To introduce this series, I discussed the three major WAR systems for pitchers and the issues I have with each of them. Having pointed out the problem, let's get to work on a solution.
Whatever issues
I may have with it, one of WAR’s benefits is very compelling: it reduces the
player’s complex contributions to a single number, which can be compared
to a similarly derived single number for other players. How does a pitcher with a 2.60 ERA and 220
strikeouts in 280 innings in 1968 compare to a pitcher with a 3.40 ERA and 250
strikeouts in 210 innings in 1999? After sorting through all the complications
under the surface, WAR can give you a simple answer. If I’m suggesting an
alternative to WAR, it should ideally come in a similarly straightforward
package. Fortunately, just as in many other statistical problems
in baseball, we can start by borrowing from the work Bill James. In this case, we’ll use the Game Score.
(Before anyone
else says it: Yes, Game Score is only set up for starting pitchers; it is not
generally applied to relief outings, even relief outings made by pitchers who
are usually starters. We’ll look more at the effects of this on the rankings
once we get far enough to actually discuss rankings, but there definitely is an
effect. It is also worth pointing out that we can only pull Game Scores for
pitchers who have box score records available. Since I’m pulling my data from
Baseball Reference, that means I have nothing before 1901, and nothing for the
Negro Leagues. So we’re working with half of Cy Young’s career, under 20% of
Kid Nichols, and none of Smokey Joe Williams.)
James
introduced Game Score in the ‘80s as a fun way to evaluate the effectiveness of
a starting pitcher’s effort in a particular game. His original formulation is:
GS = 50 + Outs
+ Strikeouts – Walks – 2*Hits – 4*(Earned Runs) – 2*(Unearned Runs) +
2*(Innings completed after the fourth)
The description
is a little clunky (and so is implementing it in a spreadsheet of game logs),
but the results are pretty reasonable. League average will usually be around
50. 60 is a solid start, 70 is a very good one, 80 is excellent, and 90 will
usually be among the 25-50 best overall starts of the season. The same is true in the
other direction; 40 is shaky, 30 is pretty bad, 20 is lousy, etc. My initial
foray into starting pitcher evaluation used the original formulation of Game
Score, and it generally performed well… until it didn’t.
The major issue
I ran into deals with the earned/unearned run distinction. Whether this
distinction has value in general is a bit of a rabbit hole (most of the
research I’ve seen suggests it does not), but even if you think it’s worth
using earned runs in some circumstances, it becomes a huge problem trying to
use them for game-by-game evaluation of baseball seasons from over a century
ago.
Here is a
sample of the Baseball Reference game log page for Christy Mathewson’s
outstanding 1905 season. See if you can spot the issue:
Yeah, that’s
not going to work. We know Matty’s overall total of earned runs allowed for the
year (48, out of 85 runs total), but game-to-game we have no idea of his
earned/unearned run split.
Having
encountered this problem, I went looking for an alternative Game Score
formulation. Fortunately, Fangraphs already had one, courtesy of the inimitable
Tangotiger. Game Score 2 is laid out here, and the formula is as follows:
GS2 = 40 +
2*Outs + Strikeouts – 2*Hits – 2*Walks – 3*Runs – 6*(Home Runs)
To clarify, the
home run is also a hit (and will result in at least one run scoring); the 6
points subtracted are in addition to the other penalties, just as the point for
a strikeout is added on top of the points already given for outs in general. If
you’re curious about where the specific coefficients come from, Tango explains
it further here (link is to part 3, which in turn links to parts 1 and 2).

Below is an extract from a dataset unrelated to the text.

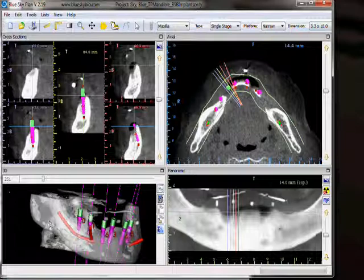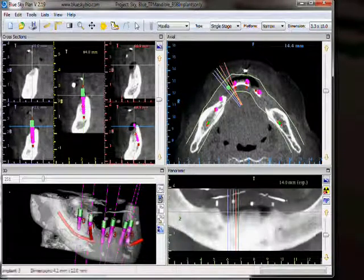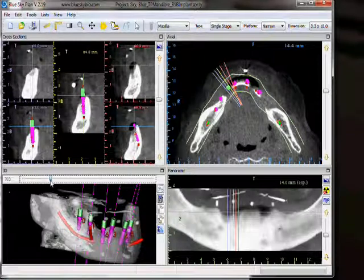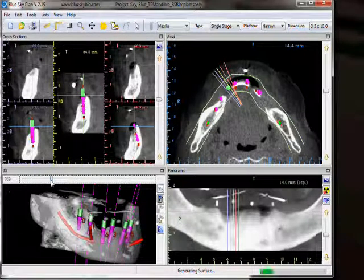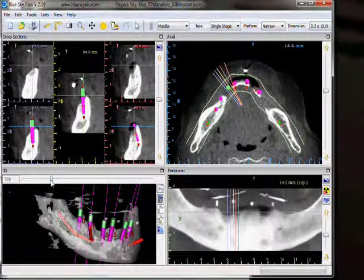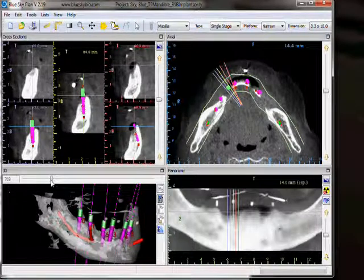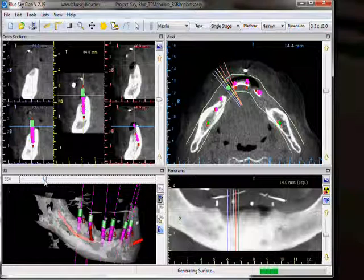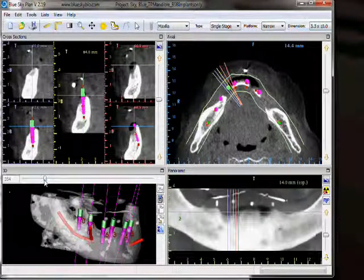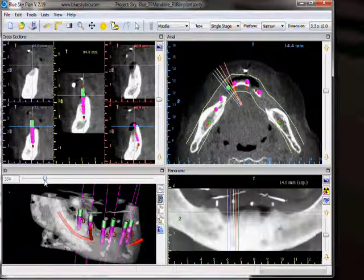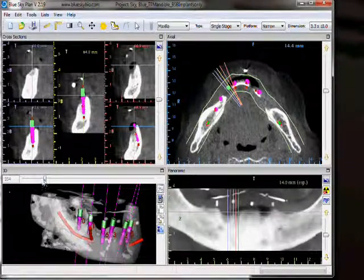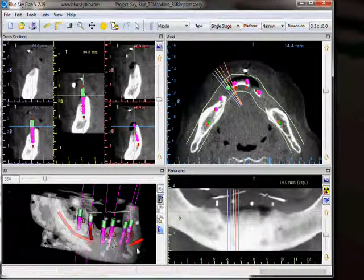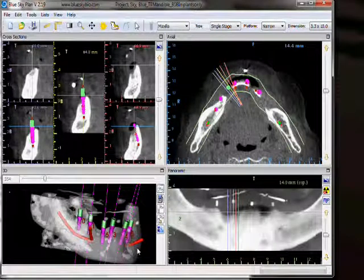We have our 3D image. The slider on the top is our 3D density threshold. As we raise the threshold, we see less anatomy — only the more dense anatomy. As we lower the threshold, we see more anatomy, including the less dense anatomy. For complete information on how to use the 3D view and all of its functions, please watch the 3D tutorial.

The short version is that it’s a combination of the run value of each event
type and the pitcher’s estimated share of responsibility for those events.
To take the obvious example, a hit is more damaging than a walk, but the hit is
partly the responsibility of the fielders whereas the walk is completely the
pitcher’s fault, so the pitcher is penalized the same amount for each of them.
As noted
earlier, the GS2 formulation resolves the issue of missing data by removing the
earned/unearned run distinction. Conveniently, it also addresses another problem with
Original Recipe Game Score, which is the handling of short starts. Usually if
your pitcher gets pulled after one inning, you’re going to consider that a
below average result. As such, rather than starting each game at the expected average of 50, it makes more sense to start from a below-average 40 and build up from
there. (Sorry,
openers! But not all that sorry. We’ll come back to them later in the series.)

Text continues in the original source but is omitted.